E mais uma vez o dia nasceu carregado de melancolia, pelo menos para mim. É como se não houvesse um brilho no céu, um riso nos lábios de uma criança e a esperança dentro do meu coração. Eu sei que o correto seria buscar uma solução, mas é difícil enxergar a cura quando estamos envolvidos pela doença. Por mais que as coisas são os resultados das nossas ações, por mais que nós já sabíamos onde tudo iria parar, quando o destino traz o castigo não sabemos como superar. É como se eu tivesse entrado em um ringue sem saber lutar, sem proteção, sem conhecer as regras e mesmo assim estava sorrindo acreditando na vitória. Tolice a minha. A vida não bate, espanca. 

Eu sei que estou agindo errado, mas já faz um tempo que troquei o café por doses de uísque. Pelo menos desta forma não fico na dúvida entre açúcar ou adoçante, apenas tento entender do porquê estar bebendo para esquecer e seguir chorando por remoer o passado com uma intensidade ainda maior. Talvez às lágrimas existam para melhorar o sabor do álcool. Mais uma dose com gelo. Eu suspiro. Eu choro. Eu grito. Eu quebro alguns copos e me sirvo novamente. E ainda não são nem oito e trinta da manhã. As cortinas estão todas fechadas, assim como o meu eu que se trancou em algum canto escuro. 

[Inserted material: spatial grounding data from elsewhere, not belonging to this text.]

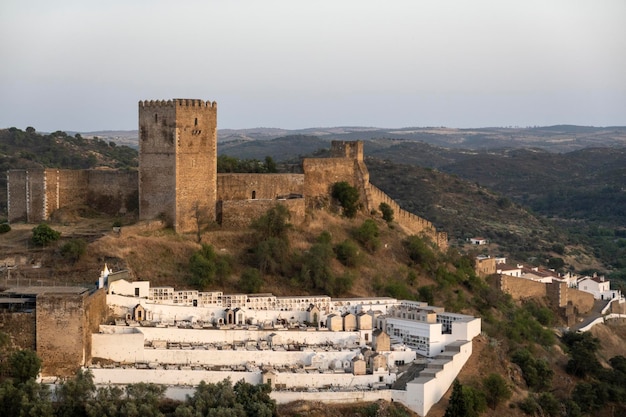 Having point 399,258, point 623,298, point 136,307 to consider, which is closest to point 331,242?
point 399,258

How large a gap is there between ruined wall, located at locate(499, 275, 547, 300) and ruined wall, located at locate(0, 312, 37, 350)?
1803 centimetres

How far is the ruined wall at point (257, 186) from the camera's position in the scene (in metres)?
28.5

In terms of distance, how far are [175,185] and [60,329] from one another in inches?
265

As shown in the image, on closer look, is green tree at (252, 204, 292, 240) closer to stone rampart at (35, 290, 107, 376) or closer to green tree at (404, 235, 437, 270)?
green tree at (404, 235, 437, 270)

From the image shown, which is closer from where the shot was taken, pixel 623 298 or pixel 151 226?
pixel 151 226

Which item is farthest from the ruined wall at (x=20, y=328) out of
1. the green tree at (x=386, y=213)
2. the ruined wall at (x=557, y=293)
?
the ruined wall at (x=557, y=293)

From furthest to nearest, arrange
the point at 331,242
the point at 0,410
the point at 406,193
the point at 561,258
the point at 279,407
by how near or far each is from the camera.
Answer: the point at 406,193
the point at 561,258
the point at 331,242
the point at 279,407
the point at 0,410

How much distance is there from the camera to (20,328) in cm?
2100

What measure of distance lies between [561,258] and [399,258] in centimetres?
2029

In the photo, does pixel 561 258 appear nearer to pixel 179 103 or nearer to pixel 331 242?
pixel 331 242

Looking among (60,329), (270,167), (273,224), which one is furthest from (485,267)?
(60,329)

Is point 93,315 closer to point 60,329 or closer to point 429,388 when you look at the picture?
point 60,329

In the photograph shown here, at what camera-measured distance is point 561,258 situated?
49.0 m

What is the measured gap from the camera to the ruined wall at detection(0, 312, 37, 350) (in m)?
Answer: 20.9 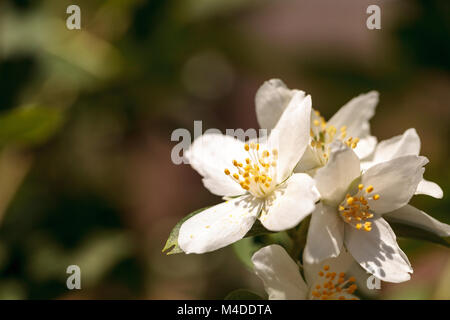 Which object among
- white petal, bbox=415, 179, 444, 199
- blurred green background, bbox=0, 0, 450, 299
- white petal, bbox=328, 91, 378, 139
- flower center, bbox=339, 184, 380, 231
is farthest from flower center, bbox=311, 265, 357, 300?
blurred green background, bbox=0, 0, 450, 299

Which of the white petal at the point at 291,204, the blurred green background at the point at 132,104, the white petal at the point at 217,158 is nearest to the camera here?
the white petal at the point at 291,204

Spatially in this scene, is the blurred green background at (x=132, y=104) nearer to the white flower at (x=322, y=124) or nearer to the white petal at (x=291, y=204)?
the white flower at (x=322, y=124)

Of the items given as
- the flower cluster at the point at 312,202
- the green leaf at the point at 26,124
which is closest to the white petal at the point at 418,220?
the flower cluster at the point at 312,202

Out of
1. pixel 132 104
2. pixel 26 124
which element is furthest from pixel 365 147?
pixel 132 104

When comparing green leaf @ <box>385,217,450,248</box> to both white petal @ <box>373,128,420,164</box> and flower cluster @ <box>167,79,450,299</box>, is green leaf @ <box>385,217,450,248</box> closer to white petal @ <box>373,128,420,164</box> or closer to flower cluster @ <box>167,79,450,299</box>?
flower cluster @ <box>167,79,450,299</box>

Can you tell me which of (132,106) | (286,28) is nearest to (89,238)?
(132,106)

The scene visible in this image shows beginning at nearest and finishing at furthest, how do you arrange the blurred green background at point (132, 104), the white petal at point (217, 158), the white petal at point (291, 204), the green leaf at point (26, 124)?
1. the white petal at point (291, 204)
2. the white petal at point (217, 158)
3. the green leaf at point (26, 124)
4. the blurred green background at point (132, 104) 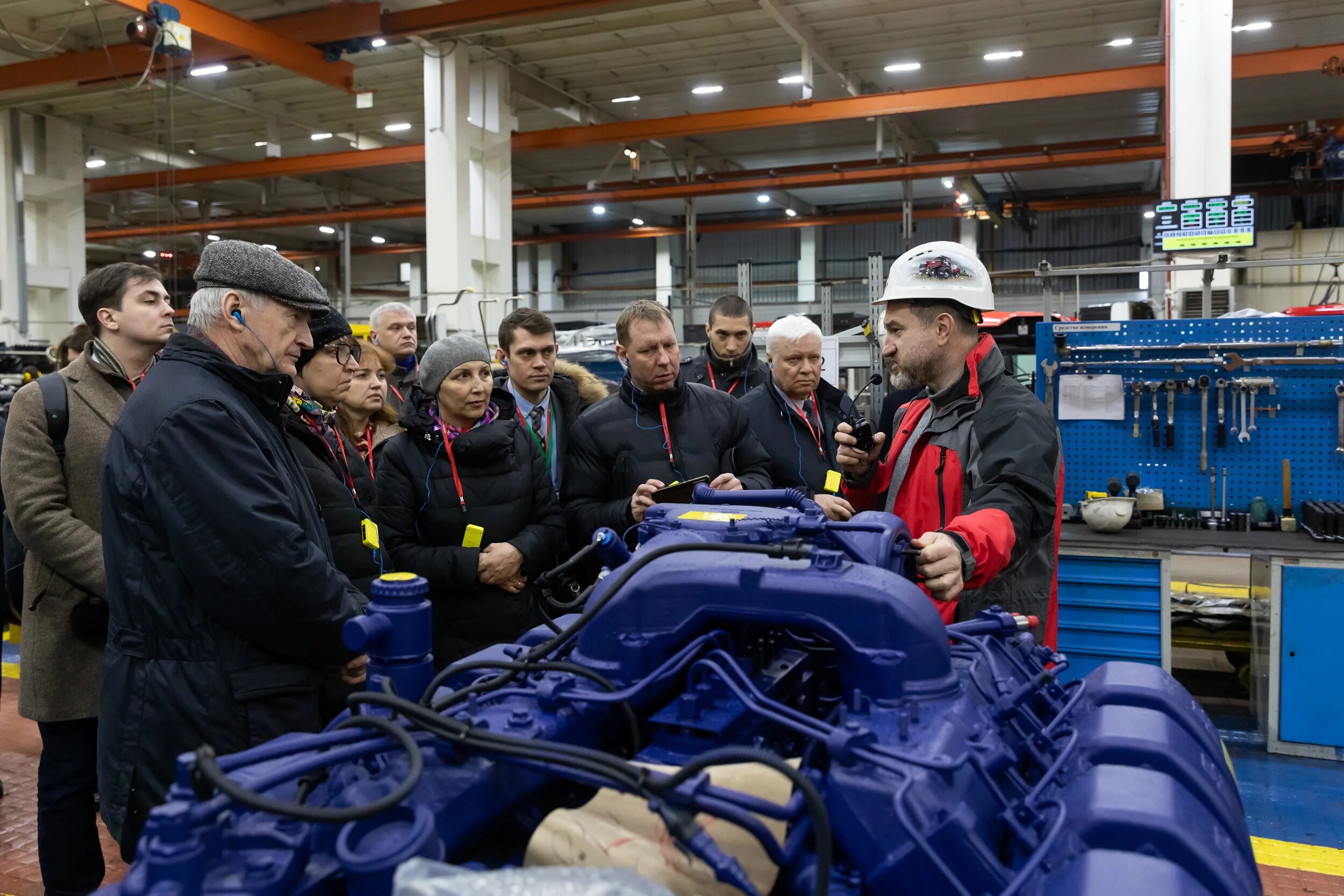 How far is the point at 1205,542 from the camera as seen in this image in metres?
3.51

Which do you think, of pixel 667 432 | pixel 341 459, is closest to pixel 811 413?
pixel 667 432

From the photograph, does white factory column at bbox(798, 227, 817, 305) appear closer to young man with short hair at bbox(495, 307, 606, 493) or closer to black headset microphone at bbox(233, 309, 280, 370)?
young man with short hair at bbox(495, 307, 606, 493)

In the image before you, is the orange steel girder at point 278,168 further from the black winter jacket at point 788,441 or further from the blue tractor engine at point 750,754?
the blue tractor engine at point 750,754

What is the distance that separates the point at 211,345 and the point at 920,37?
9.45m

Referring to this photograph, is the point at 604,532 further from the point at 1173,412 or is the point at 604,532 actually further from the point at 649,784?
the point at 1173,412

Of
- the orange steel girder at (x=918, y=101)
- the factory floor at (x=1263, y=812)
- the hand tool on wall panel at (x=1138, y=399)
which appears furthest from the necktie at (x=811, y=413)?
the orange steel girder at (x=918, y=101)

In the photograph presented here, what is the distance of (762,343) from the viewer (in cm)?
845

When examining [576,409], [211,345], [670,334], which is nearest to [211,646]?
[211,345]

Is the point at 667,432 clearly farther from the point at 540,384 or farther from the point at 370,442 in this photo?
the point at 370,442

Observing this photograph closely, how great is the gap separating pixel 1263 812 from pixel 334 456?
3.02m

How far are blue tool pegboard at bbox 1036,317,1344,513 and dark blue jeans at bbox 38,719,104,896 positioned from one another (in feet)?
12.0

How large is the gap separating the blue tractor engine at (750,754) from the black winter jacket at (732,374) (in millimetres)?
2716

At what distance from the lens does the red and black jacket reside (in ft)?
6.03

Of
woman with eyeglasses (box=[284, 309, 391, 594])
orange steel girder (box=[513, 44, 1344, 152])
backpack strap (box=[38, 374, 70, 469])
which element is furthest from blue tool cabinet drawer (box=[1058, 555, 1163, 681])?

O rádio ligado. A dor também está em modo on. O meu coração está apertado. Nada parece suprir essa angústia, nem mesmo a presença de Ruby que acabara de chegar. A morena de mechas vermelhas não disfarça a decepção ao me ver em um estado tão deprimente. Eu confesso que se ela não estivesse tão presente nos últimos dias Zelena Mills já teria se tornado apenas uma lembrança. Houve tantos momentos de desespero que nada mais parecia ter importância. É nessas horas em que o nosso maior anseio se torna matar a dor que nos mata... É nessas horas em que desistimos. 

Eu ofereço uma dose de bebida para a bela mulher a minha frente. Ela faz um gesto negativo com a cabeça e eu desabo em lágrimas. Não é agradável ser um alguém desprezível, mas pior que isso é ser um alguém desprezado. Às vezes nós fazemos coisas terríveis em nome das nossas verdades e pagamos o preço da nossa imperfeição. Enfim, Ruby se aproxima e me beija com ternura. O jeito que ela me protege é bom, mas não há nada capaz de suprir o vazio da perda de um filho. O melhor é evitar pensar em demasia. Eu decido me afastar e se sentar no sofá. 

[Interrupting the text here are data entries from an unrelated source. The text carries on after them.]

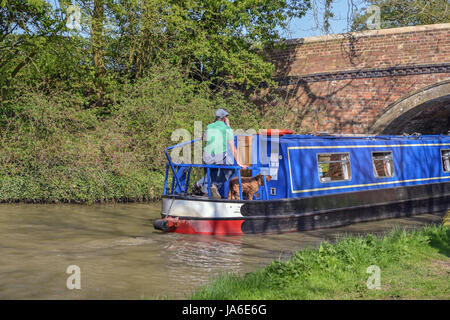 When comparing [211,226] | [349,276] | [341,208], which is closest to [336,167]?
[341,208]

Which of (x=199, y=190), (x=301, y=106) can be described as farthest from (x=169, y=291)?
(x=301, y=106)

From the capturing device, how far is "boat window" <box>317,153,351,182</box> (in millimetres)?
9883

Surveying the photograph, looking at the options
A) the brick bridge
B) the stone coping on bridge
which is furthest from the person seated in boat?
the stone coping on bridge

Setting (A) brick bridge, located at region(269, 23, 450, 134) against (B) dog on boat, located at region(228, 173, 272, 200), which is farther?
(A) brick bridge, located at region(269, 23, 450, 134)

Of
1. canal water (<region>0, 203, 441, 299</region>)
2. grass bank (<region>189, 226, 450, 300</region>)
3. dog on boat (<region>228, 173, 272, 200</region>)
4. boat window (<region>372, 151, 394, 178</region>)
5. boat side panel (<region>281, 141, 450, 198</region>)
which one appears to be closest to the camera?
grass bank (<region>189, 226, 450, 300</region>)

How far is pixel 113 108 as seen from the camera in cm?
1407

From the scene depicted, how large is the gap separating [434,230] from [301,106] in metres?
9.90

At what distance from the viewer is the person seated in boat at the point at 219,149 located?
7.90m

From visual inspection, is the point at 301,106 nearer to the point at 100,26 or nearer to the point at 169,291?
the point at 100,26

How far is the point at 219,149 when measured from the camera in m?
8.03

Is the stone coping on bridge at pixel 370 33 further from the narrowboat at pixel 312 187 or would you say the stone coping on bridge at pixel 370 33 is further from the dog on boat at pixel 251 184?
the dog on boat at pixel 251 184

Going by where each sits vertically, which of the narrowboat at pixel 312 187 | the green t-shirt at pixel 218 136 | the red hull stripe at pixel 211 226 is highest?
the green t-shirt at pixel 218 136

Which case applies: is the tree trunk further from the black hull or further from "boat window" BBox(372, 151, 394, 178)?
the black hull

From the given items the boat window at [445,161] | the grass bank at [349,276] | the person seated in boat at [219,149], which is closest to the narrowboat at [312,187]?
the person seated in boat at [219,149] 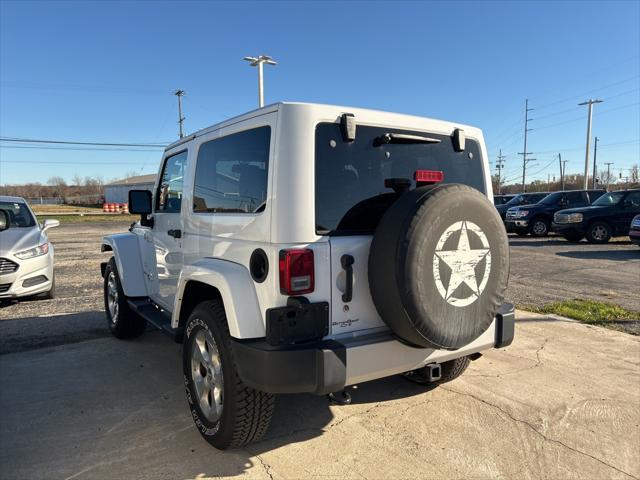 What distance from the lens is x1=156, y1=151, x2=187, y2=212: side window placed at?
3.91 meters

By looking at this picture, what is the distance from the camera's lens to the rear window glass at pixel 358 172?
2584 mm

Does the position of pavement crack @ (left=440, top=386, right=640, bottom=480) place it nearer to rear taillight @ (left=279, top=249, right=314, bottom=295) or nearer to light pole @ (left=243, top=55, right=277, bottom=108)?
Result: rear taillight @ (left=279, top=249, right=314, bottom=295)

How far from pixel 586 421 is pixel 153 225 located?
405 centimetres

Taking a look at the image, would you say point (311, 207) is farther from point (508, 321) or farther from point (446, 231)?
point (508, 321)

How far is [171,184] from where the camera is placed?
13.8 feet

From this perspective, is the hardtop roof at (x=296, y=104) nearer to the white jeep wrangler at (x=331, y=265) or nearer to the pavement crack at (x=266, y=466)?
the white jeep wrangler at (x=331, y=265)

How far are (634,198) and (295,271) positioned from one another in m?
16.1

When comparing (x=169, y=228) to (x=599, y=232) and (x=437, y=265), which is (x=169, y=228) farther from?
(x=599, y=232)

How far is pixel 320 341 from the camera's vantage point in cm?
249

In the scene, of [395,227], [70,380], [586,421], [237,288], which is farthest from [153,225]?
[586,421]

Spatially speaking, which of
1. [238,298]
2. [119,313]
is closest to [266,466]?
[238,298]

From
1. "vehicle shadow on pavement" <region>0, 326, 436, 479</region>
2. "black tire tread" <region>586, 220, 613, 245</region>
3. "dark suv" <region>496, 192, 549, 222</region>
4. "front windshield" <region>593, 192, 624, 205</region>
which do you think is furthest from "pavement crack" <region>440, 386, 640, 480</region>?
"dark suv" <region>496, 192, 549, 222</region>

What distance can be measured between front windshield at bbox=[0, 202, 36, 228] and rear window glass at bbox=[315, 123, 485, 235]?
6.74 meters

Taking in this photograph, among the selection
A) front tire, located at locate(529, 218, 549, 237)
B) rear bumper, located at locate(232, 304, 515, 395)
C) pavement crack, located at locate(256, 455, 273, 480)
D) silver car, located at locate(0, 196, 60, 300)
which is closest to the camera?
rear bumper, located at locate(232, 304, 515, 395) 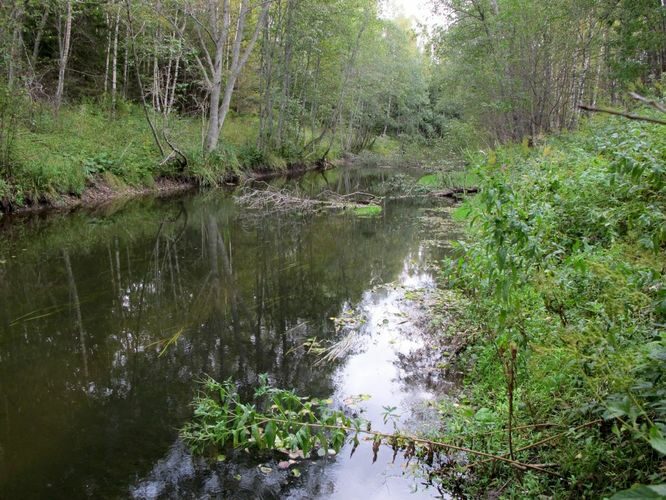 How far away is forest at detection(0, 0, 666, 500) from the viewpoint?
2.97 metres

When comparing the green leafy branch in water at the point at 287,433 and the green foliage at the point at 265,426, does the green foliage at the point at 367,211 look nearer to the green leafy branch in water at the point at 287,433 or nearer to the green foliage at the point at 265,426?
the green foliage at the point at 265,426

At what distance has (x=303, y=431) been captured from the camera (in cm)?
300

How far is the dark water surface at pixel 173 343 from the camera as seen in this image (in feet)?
11.3

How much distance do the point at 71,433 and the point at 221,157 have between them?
59.5 ft

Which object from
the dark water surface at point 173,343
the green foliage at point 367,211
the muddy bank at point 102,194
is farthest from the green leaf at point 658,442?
the muddy bank at point 102,194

Dizem que quem canta os males espanta, por isso, eu comecei a cantarolar a música: Porquê, do Murta. Uma bela letra para degustar da forma que estou fazendo. Uísque e gelo. Choro. O coração apertado. O medo. A ânsia. Vomitar era uma boa opção, quem sabe dessa maneira eu poderia me sentir aliviada?  Enfim, eu não gosto de ser assim, mas não consigo ver uma outra forma de agir. 

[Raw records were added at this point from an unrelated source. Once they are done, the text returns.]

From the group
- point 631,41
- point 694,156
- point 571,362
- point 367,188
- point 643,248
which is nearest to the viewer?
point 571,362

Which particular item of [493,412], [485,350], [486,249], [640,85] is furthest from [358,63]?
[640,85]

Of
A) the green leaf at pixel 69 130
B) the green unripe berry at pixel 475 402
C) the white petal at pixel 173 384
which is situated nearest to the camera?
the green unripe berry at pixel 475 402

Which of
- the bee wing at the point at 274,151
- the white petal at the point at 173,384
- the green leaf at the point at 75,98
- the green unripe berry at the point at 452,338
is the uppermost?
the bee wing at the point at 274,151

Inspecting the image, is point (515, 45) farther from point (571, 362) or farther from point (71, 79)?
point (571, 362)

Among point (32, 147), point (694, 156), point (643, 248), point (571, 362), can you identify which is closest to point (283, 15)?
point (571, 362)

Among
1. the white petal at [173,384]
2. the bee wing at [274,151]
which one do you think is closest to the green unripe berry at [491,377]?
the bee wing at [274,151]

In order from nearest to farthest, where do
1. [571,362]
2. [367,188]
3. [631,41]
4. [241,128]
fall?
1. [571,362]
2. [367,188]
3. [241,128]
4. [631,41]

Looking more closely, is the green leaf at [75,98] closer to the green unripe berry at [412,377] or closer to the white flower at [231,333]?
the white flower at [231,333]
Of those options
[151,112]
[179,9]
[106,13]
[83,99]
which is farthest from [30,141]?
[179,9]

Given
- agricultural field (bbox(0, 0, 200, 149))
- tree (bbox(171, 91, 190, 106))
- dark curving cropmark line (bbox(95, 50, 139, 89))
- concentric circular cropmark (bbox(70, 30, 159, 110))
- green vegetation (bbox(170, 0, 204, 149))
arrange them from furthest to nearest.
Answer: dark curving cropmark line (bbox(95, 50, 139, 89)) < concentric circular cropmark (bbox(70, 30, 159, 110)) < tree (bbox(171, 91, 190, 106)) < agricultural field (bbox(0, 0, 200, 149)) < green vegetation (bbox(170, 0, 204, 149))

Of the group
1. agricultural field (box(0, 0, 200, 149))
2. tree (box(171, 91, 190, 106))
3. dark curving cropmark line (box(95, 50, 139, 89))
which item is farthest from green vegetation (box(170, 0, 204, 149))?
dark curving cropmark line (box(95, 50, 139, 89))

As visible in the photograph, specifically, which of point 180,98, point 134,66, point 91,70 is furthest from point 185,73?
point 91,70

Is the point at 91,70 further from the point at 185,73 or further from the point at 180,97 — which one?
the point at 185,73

"O profundo sentimento de não saber para onde vai, é sentir um novo mundo enquanto o outro mundo cai. Cai a vida, a morte, a sorte abraça aquele que a procura, água mole e pedra dura tanto bate até que fura."

- Meu amor, não faz assim. Nem tudo vale a ressaca. - Ruby disse docemente e se sentou ao meu lado. - E ainda é tão cedo para se perder em sentimentos dolorosos. Me parte o coração vê-la assim e não conseguir fazer nada. 

- Você é um anjo. Eu amo você. Talvez você pense que só estou dizendo isso por ter bebido, mas eu a amo. Obrigada por estar ao meu lado. Se não fosse você... Ah, meu amor, eu já teria desistido. - Eu disse. Eu segurei em suas mãos e a olhei com ternura, com doçura. - São tantas coisas que se passam na minha cabeça... Tantas outras no meu coração... Mas muito obrigada por tudo. 

- Eu não sei o que você tem de tão especial, mas eu amo você, minha ruiva. E eu prometo que ficará tudo bem. As coisas vão se resolver. - Ruby tirou o copo da minha mão e colocou na mesa de centro. - Mas que tal tomar um banho e descansar um pouco? Eu posso apostar que virou a noite bebendo. - Apenas aceno positivamente e permito ser ajudada por quem tanto me quer bem. 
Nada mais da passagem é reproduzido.